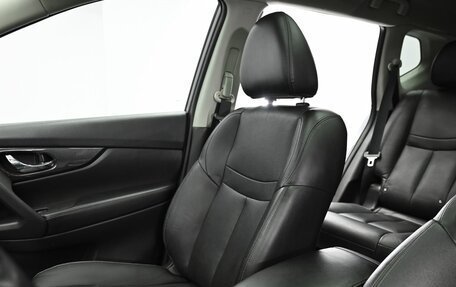 Nissan X-Trail, 2016 год, 1 595 000 рублей, 7 фотография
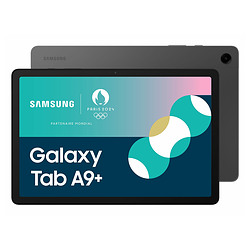 Samsung Galaxy Tab A9+ SM-X210 11" 64 Go Graphite
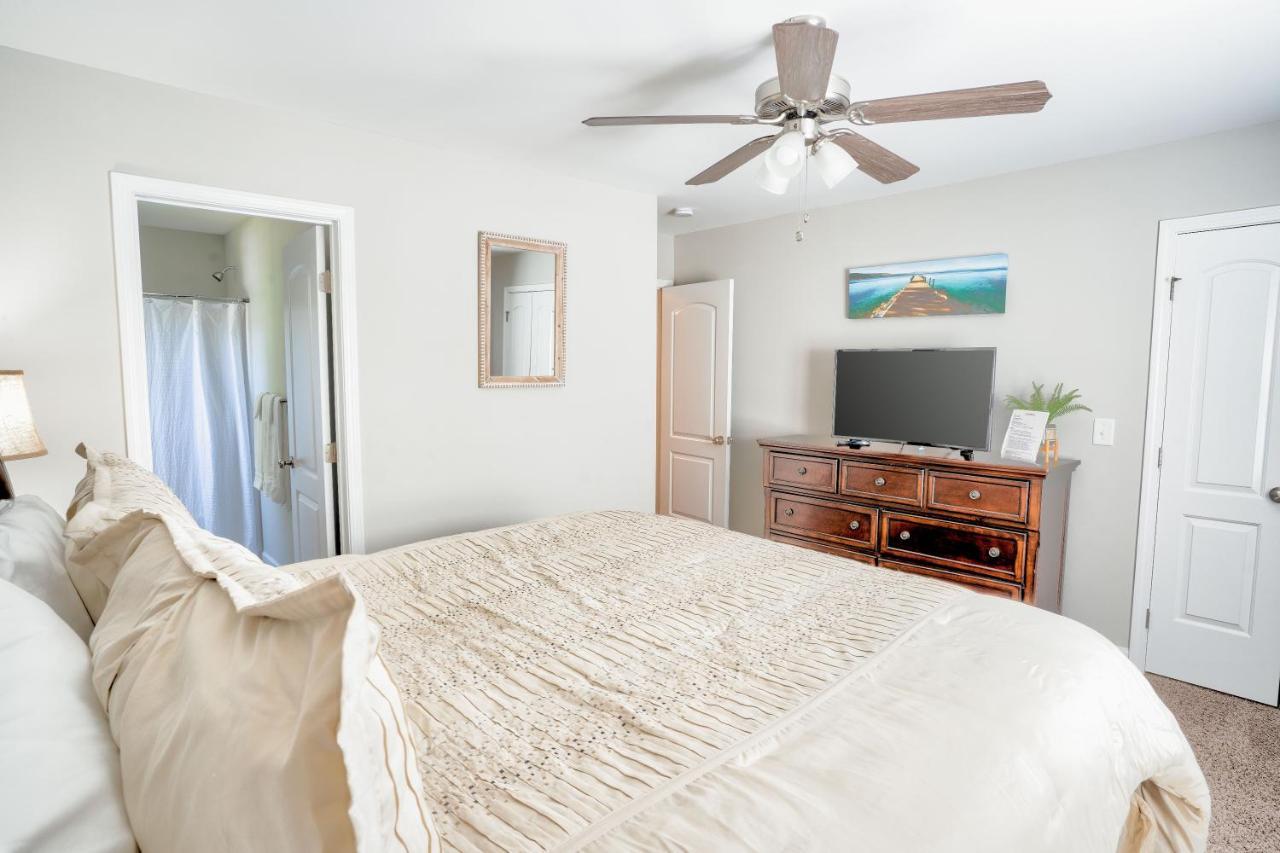 Kannapolis Excellent Sleep Experience - Pet Friendly Exterior foto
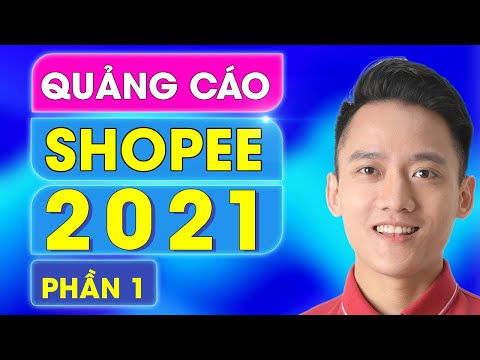 3 Cách chạy quảng cáo bán hàng trên shopee, đấu thầu từ khóa - khám phá, shop ads, seo mới nhất 2021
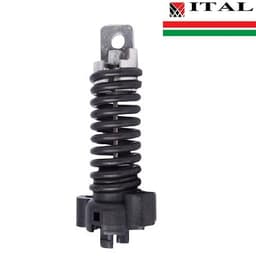 AMORTIZER S MS 341 361 ZICAN METALNA RACKA KMS*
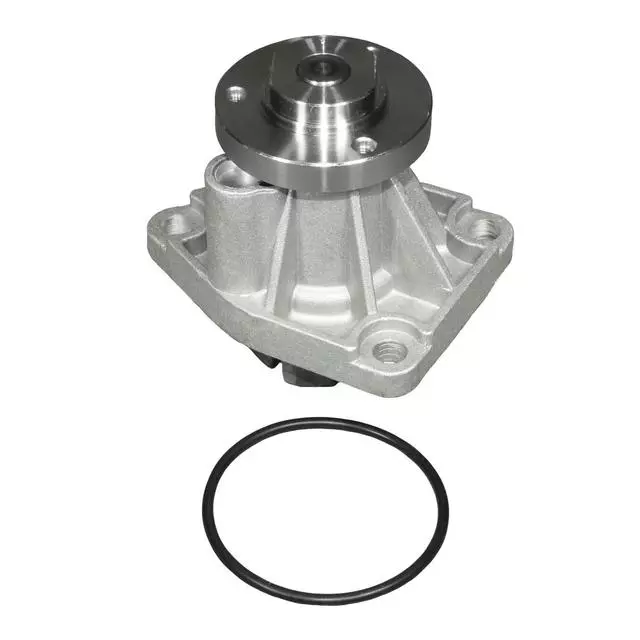 Engine Water Pump - ACDelco (252-778) - view 2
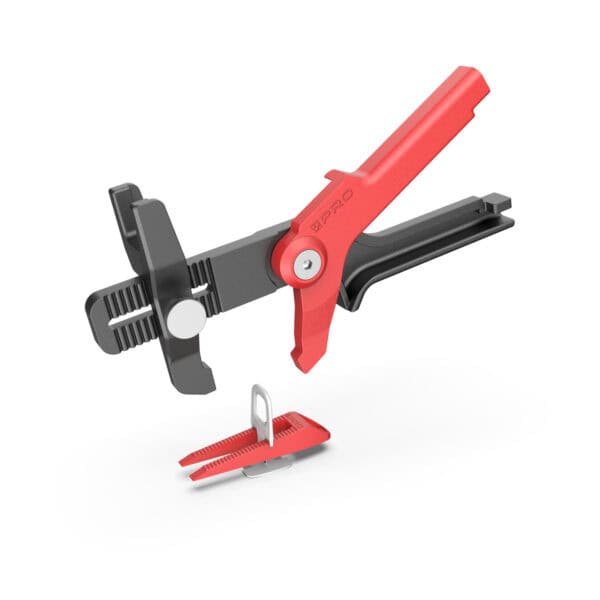 Szczypce do systemu poziomującego PRO-SP600/800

************

DESCRIPTION OF THE TASK => Keep every word of the records above exactly, and return them with no pictures.

SOLUTION FOR THIS TASK =>
 Nissan X-Trail, 2016 год, 1 595 000 рублей, 7 фотография
 Samsung Galaxy Tab A9+ SM-X210 11" 64 Go Graphite
 Kannapolis Excellent Sleep Experience - Pet Friendly Exterior foto
 3 Cách chạy quảng cáo bán hàng trên shopee, đấu thầu từ khóa - khám phá, shop ads, seo mới nhất 2021
 AMORTIZER S MS 341 361 ZICAN METALNA RACKA KMS*
 Engine Water Pump - ACDelco (252-778) - view 2
 Szczypce do systemu poziomującego PRO-SP600/800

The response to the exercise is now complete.